Question

A dimensionally consistent relation for the volume V of a liquid of coefficient of viscosity $\eta$ flowing per second through a tube of radius $r$ and length l and having a pressure difference p across its end, is

• A. $V = \frac{\pi pr^{4}}{8\eta l}$
• B. $V = \frac{\pi\eta l}{8pr^{4}}$
• C. $V = \frac{8p\eta l}{\pi r^{4}}$
• D. $V = \frac{\pi p\eta}{8lr^{4}}$

Answer 1

Answer: (A)

$V = \frac{\pi pr^{4}}{8\eta l}$

Answer 2

Given V = Rate of flow =$\frac{\text{Volume }}{\text{sec}} = \lbrack L^{3}T^{- 1}\rbrack$,

P = Pressure = $\lbrack ML^{- 1}T^{- 2}\rbrack$, r = Radius = [L]

$\eta$ = Coefficient of viscosity = $\lbrack ML^{- 1}T^{- 1}\rbrack$, l = Length = [L]

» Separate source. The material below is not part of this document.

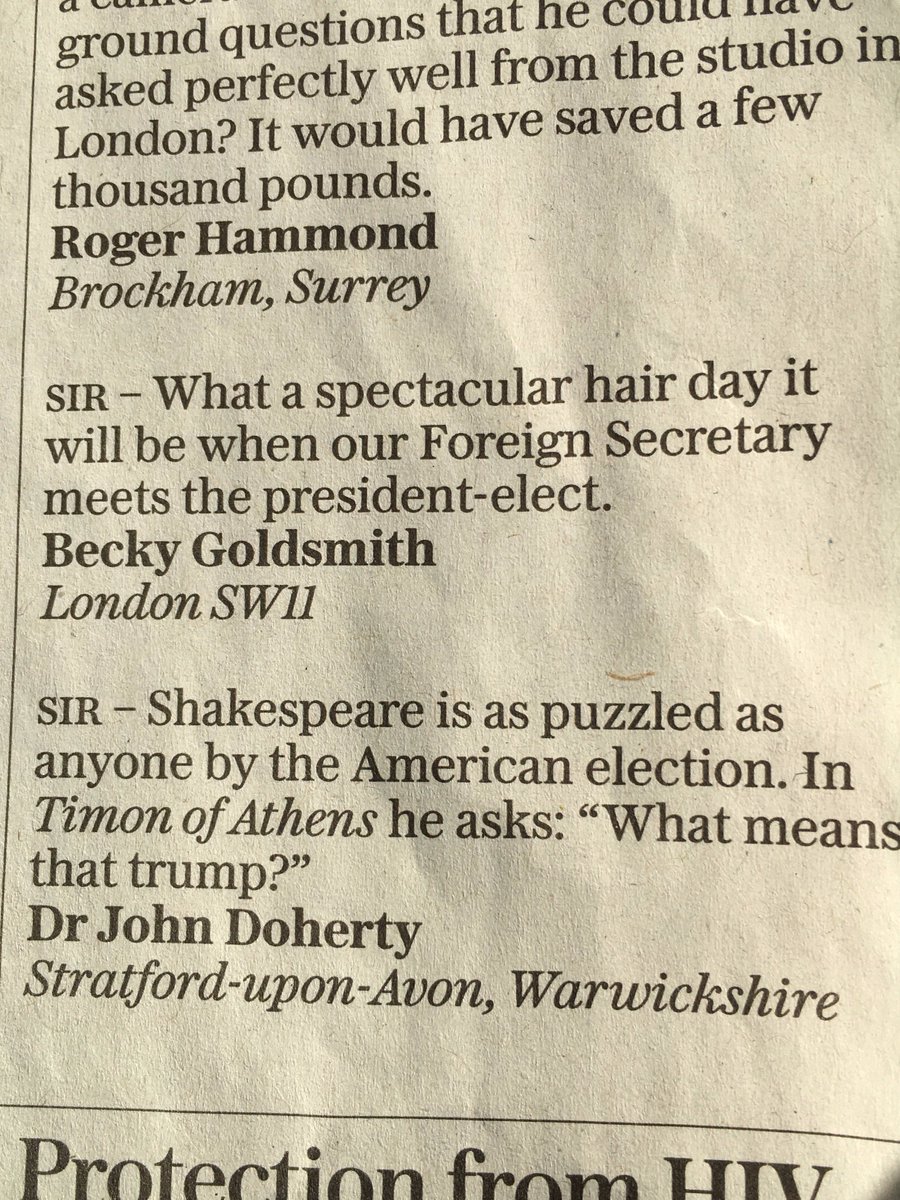 Made me laugh! Well said Becky Goldsmith.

By substituting the dimension of each quantity we can check the accuracy of the formula $V = \frac{\pi Pr^{4}}{8\eta l}$

$\therefore$ $\lbrack L^{3}T^{- 1}\rbrack = \frac{\lbrack ML^{- 1}T^{- 2}\rbrack\lbrack L^{4}\rbrack}{\lbrack ML^{- 1}T^{- 1}\rbrack\lbrack L\rbrack}$ = $\lbrack L^{3}T^{- 1}\rbrack$

L.H.S. = R.H.S. i.e., the above formula is Correct**.**